Welcome to our current edition of our Regulatory & Risk Advisory Review. This issue dives into regulatory shifts and emerging trends shaping the compliance landscape. Whether you are navigating new rules or anticipating what is next, we have curated insights to keep you informed.
Reach out to a member of our Regulatory & Risk Advisory team or connect with your usual Conyers contact - we are here to help.
The following topics are covered in this issue:
- Cayman Islands Virtual Asset Services Providers
- CIMA Rules, Statements of Guidance and General Industry Notices
- Department for International Tax Cooperation (DITC)
- Securities Investment Business
- Sanctions
- Financial Action Task Force (FATF) Updates
- Conyers Website Articles & Alerts
1. CAYMAN ISLANDS VIRTUAL ASSET SERVICES PROVIDERS
1.1. Cayman Islands Virtual Asset (Service Providers) (Amendment) Act, 2025 (Not Yet in Force)

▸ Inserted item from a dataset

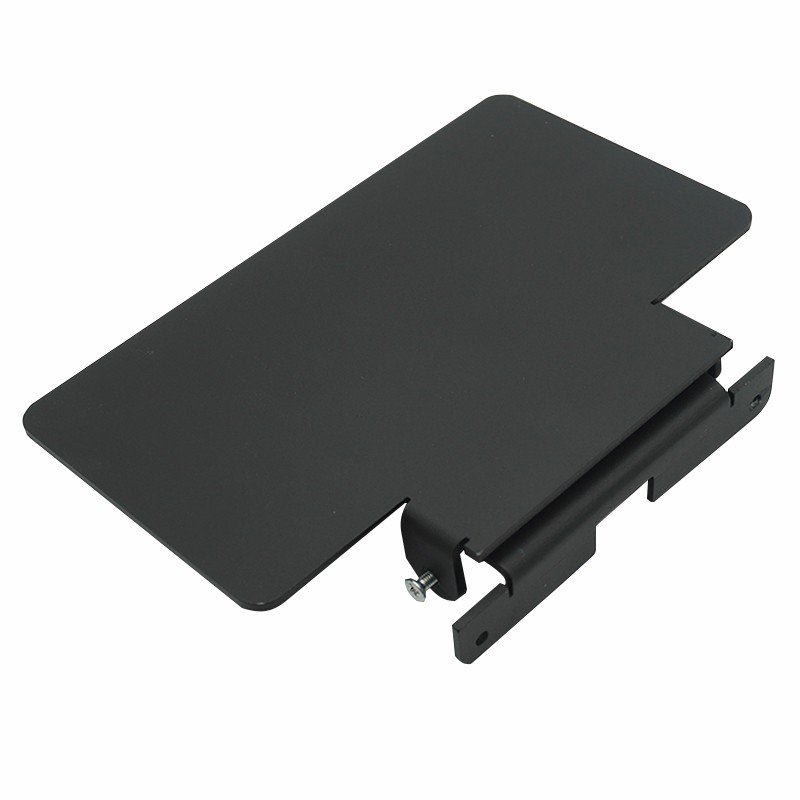 High Quality Sheet Metal Fabrication Service Laser Cutting Component With Powder Coated Surface Treatment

The Cayman Islands Virtual Asset (Service Providers) (Amendment) Act, 2025 (Act 8 of 2025) amends the Virtual Asset (Service Providers) Act (2024 Revision). It revises the definition of "issuance of virtual assets" or "virtual asset issuance." Under the new definition, it specifically means the sale of newly created virtual assets to the public in or from within the Cayman Islands, in exchange for fiat currency, other virtual assets, or other consideration.
The following are excluded from the definition of "issuance of virtual assets" (a) the sale of virtual service tokens; and (b) the issuance of an equity interest (as defined under the Mutual Funds Act and the Securities Investment Business Act) or an investment interest (as defined under the Private Funds Act), provided this is in accordance with guidance or rules issued by the Authority.
The new definition applies to any tokenisation of an equity interest or investment interest that may have occurred prior to the commencement date of the Act.
The amendment aims to clarify the regulatory perimeter for virtual asset issuances in the Cayman Islands, ensuring that certain tokenised equity and investment interests, as well as virtual service tokens, are not inadvertently captured under the regime for virtual asset issuances. This provides greater legal certainty for market participants and aligns the legislation with evolving industry practices.
1.2. Virtual Asset Service Providers (VASPs) Application Form Updated (July 2025)
The VASP application form on the REEFS portal, APP 101-84-05, has been amended to further streamline the application process for registration, licensing and waivers by incorporating additional questions and clarifying document requirements for all applicants.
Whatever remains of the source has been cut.